Given the records underneath, please repeat exactly the lines from the line with "Within the main" through the line with "Here's a link", passing over any picture.

Materials provided:
%%
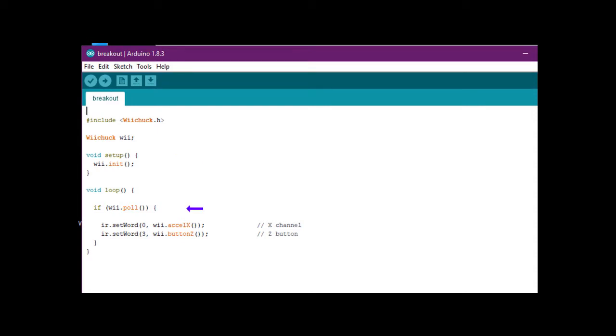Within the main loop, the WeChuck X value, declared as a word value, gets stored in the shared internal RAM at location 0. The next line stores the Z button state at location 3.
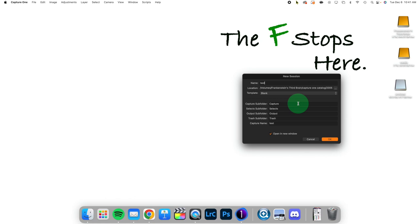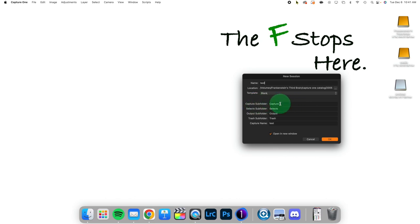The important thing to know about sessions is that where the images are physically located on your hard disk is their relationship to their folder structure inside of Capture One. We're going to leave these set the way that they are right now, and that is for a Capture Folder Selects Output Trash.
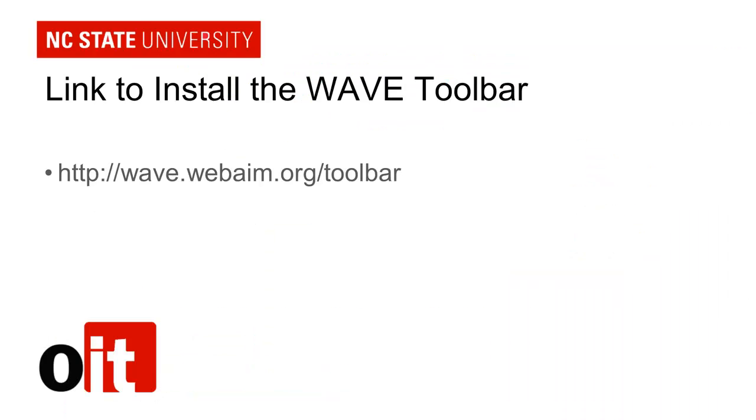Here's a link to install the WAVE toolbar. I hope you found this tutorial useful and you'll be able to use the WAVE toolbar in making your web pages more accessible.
%%
%%
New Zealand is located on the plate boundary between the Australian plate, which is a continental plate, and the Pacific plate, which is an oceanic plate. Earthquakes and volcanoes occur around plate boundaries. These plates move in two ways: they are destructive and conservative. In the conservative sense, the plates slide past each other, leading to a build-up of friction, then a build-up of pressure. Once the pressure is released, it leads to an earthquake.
%%
%%
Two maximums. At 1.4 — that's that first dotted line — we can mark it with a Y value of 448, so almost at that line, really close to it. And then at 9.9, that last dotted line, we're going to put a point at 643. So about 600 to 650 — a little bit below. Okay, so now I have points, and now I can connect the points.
%%
Your solution:
Within the main loop, the WeChuck X value, declared as a word value, gets stored in the shared internal RAM at location 0. The next line stores the Z button state at location 3.
The important thing to know about sessions is that where the images are physically located on your hard disk is their relationship to their folder structure inside of Capture One. We're going to leave these set the way that they are right now, and that is for a Capture Folder Selects Output Trash.
Here's a link to install the WAVE toolbar. I hope you found this tutorial useful and you'll be able to use the WAVE toolbar in making your web pages more accessible.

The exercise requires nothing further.